A case in point: the Rockland-area school district is struggling to provide a decent education, while the state of Maine spent nearly $25 million this year on nine private charter schools accountable to out-of-state corporations. Our former governor cut taxes for the wealthy, ignored the state mandate to fund public schools and enthusiastically handed a big chunk of our education budget to politically connected cronies. Enabling legislation was backed by the American Legislative Exchange Council, a Koch brothers group that pushes state-level policy favoring privatization and reduced regulation. It was written by a for-profit Virginia company called K12Inc.

According to the Portland Press-Herald, K12Inc’s Maine Virtual Academy has a 49 percent graduation rate and a 33 percent absentee rate, far worse than most public schools. While Maine spends $12,197 per pupil for traditional public education, the cost per pupil at charter schools ranges from $6,895 to $10,662. They’re skimping on everything from teachers to toilet paper.

K12Inc must have a healthy bottom line, since it funneled $19,000 to the LePage reelection campaign through the Republican Governors Association PAC. Some call this crony capitalism; I call it an outrage. Our students deserve better than to be used as cash cows.

Then there’s electric power. We’ve heard all we need to hear about how CMP has ripped us off, failed to provide adequate repairs, raised our rates and treated us like annoyances, not customers. We’ve also learned how much it has spent on lobbyists in Augusta, how much it has contributed to political campaigns, and how it has exerted influence over the PUC. But of course, money is speech.

Something is seriously wrong here. Is this really what we want for Maine, and for America?

Scott Nearing was a much-beloved economist, thinker, writer and “back-to-the-lander” who lived out many of his 100 years in Brooksville. He was prescient when he wrote in 1949: “Step by step, the economy has passed from individual to corporate ownership. Year by year the stranglehold of Big Business has tightened on the economy and on the country, until a point has been reached at which a rich, powerful minority owns, controls and dominates the American scene.”

But wait, you say, isn’t the private sector more efficient than a bloated public works program, inevitably full of those lazy, shifty public employees? Well, no.
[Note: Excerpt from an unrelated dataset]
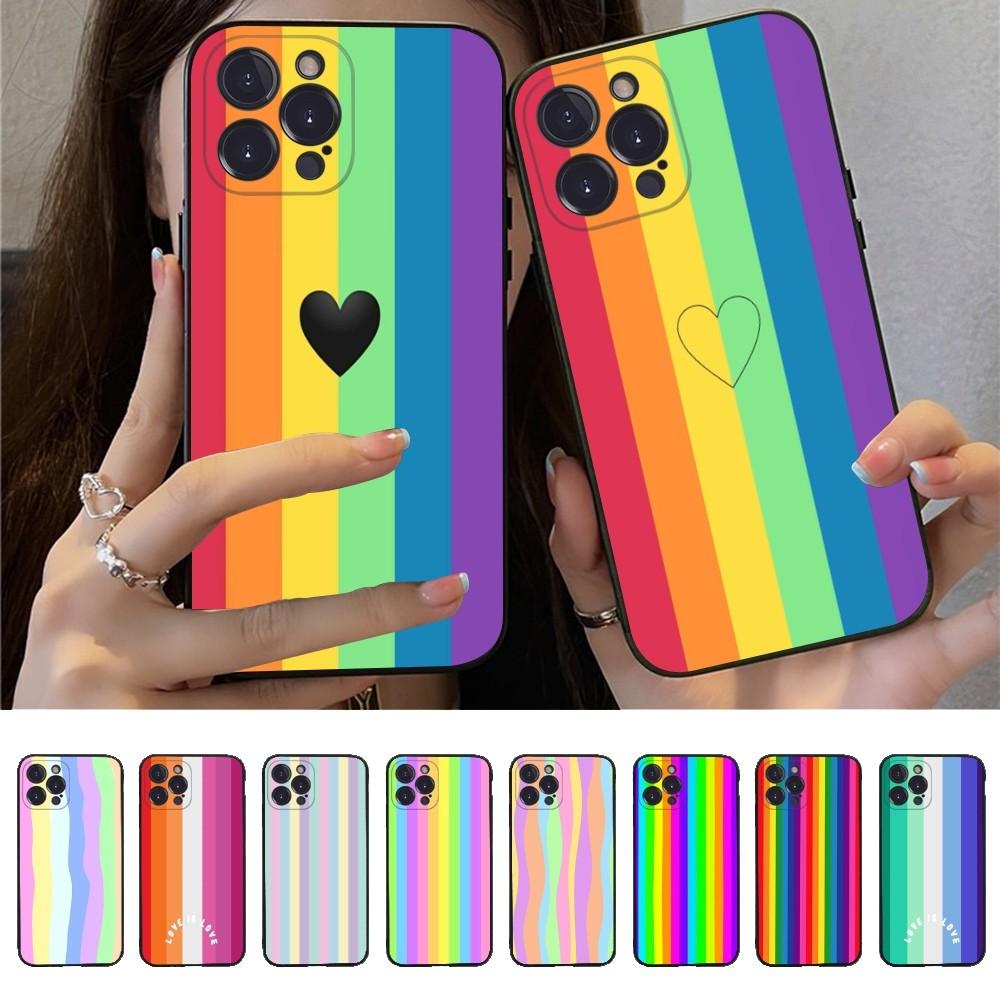 Colorful Rainbow Stripe Phone Case Silicone Soft for iphone 16 15 14 13 12 11 Pro Mini XS MAX Plus X Cover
According to a 2014 study by the British Public Service Research Institute, “The results are remarkably consistent across all sectors and all forms of privatization; there is no empirical evidence that the private sector is intrinsically more efficient.” A host of privatization studies done in developing and developed nations alike comes up with the same conclusion: the idea of greater efficiency in the private sector is a myth.

Nearing makes a lot of sense when he calls for “the collective public ownership and administration of those parts of the economy which are of common concern to the community as a whole.” His reasoning goes like this: “The interests of the individuals who own the commerce are inherently opposed to those who are working to produce profit for the owners. So there is an inherent conflict between those who own for a living, and those who work for a living. The owner class knows this conflict poses an existential threat to their future. So, every time they’re being challenged or they predict that they will be challenged, they try to divert public attention to a different perceived threat.”

Those words ring as true today as they did in the post-World War II years. Back then, even President Dwight Eisenhower had to say that the interstate highway system was a national security measure so that he wouldn’t be called a socialist.

I think there are a lot worse things to be called.